Discussion in 'Handguns: Revolvers' started by markallen, Mar 4, 2010.

  1. markallen

    markallen Member

    Aug 7, 2007
    NE Ohio
    I've been looking at the S&W 396 Night Guard, and just wanted some input from any owners out there.
    How is the weight? I know that it weighs 24 oz, and I have never shot any lightweight revolver.
    How is the fit and finish?
    Any problems finding holsters that fit?
    I am familiar with the .44 Special I have been loading, shooting and carrying them in my Ruger Alaskan. Along with .44 Mag. So recoil is not an issue.

    RKRCPA New Member

    Sep 5, 2009
    I'm gonna venture a guess and say the recoil in a 396 will be significantly different than a Ruger Alaskan. :)
  3. Stainz

    Stainz Senior Member

    Apr 24, 2003
    Pinson, AL
    The grip on the 396NG is larger than the boot grip on my 296 - and covers the backstrap, too. Add the 4.6 oz+ additional mass of that SS cylinder has over the 296's Ti cylinder, and the 396NG has got to be nearly friendly recoiling in comparison. The 296 has a pretty good whack with the Speer 200gr Gold Dots loaded by Georgia Arms. These chrono the same from the 296's 2.5" barrel as the same bullet in the Al-cased Blazer - and are actually cheaper. They leave you with a nice Starline brass case, too. Great personal protection. Without the Ti cylinder, lead loads should be fine as well as the shorter case .44 Russians, not that they are easily found.

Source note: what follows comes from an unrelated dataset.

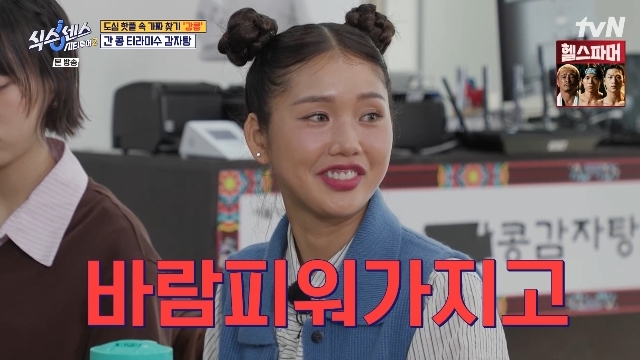 노란 수영복에 섹시한 몸매 어필하는 존예 처자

    Of course, the weight of that SS cylinder and the exposed hammer combine to take it out of the pocket carry - you'll need a belt mounted holster. My 296 is like the 642 - just a bit larger - and carries in 3/4 of my britche's pockets in a Mika pocket holster. Corrected for inflation, it's last MSRP - nearly $780 - wasn't far off from the 396NG's current MSRP of ~$1,080. I bought mine once they were canned - closeout price was ~$350 over eight years ago.

    As to longevity - I wouldn't consider the 296/396 family as a plinker - they are protection pieces. The SS 696 is a great plinker. All of the X96 family are limited by that thin forcing cone - a design restriction dictated by the use of the L-frame. If you want 'Keith Level' .44 Special capability on a frequent bases, get a 29/629 - they are inherently 'Keith Level' compliant. My 296 has a home - great carry/home piece.

  4. The Filthy Spitoon

    The Filthy Spitoon New Member

    Feb 25, 2010
    I own one that is back at S&W for repair.

    I have not fired it, but did have a 396 Mountain Lite .44 Spl. a few years back. If it is anything like that one, recoil was manageable but included some significant muzzle flip. I don't remember it hurting my hand, it just whipped up rather quickly, which reminded me of shooting a magnum moreso than the tame ol' .44 Spl.

    But you will have flip with anything light enough to actually carry, and that's where the 396 NG shines, as a carry gun. You probably won't want to shoot more than a few cylinderfulls in one range session unless you download some light specials just for plinking.

    The gun itself is a fantastic package that I find very practical, and as far as holsters I would think any holster that takes a 2.5" L frame such as a 686 would work for it.

    Mine had some QC issues but S&W sent me a shipping label and are repairing it by now hopefully.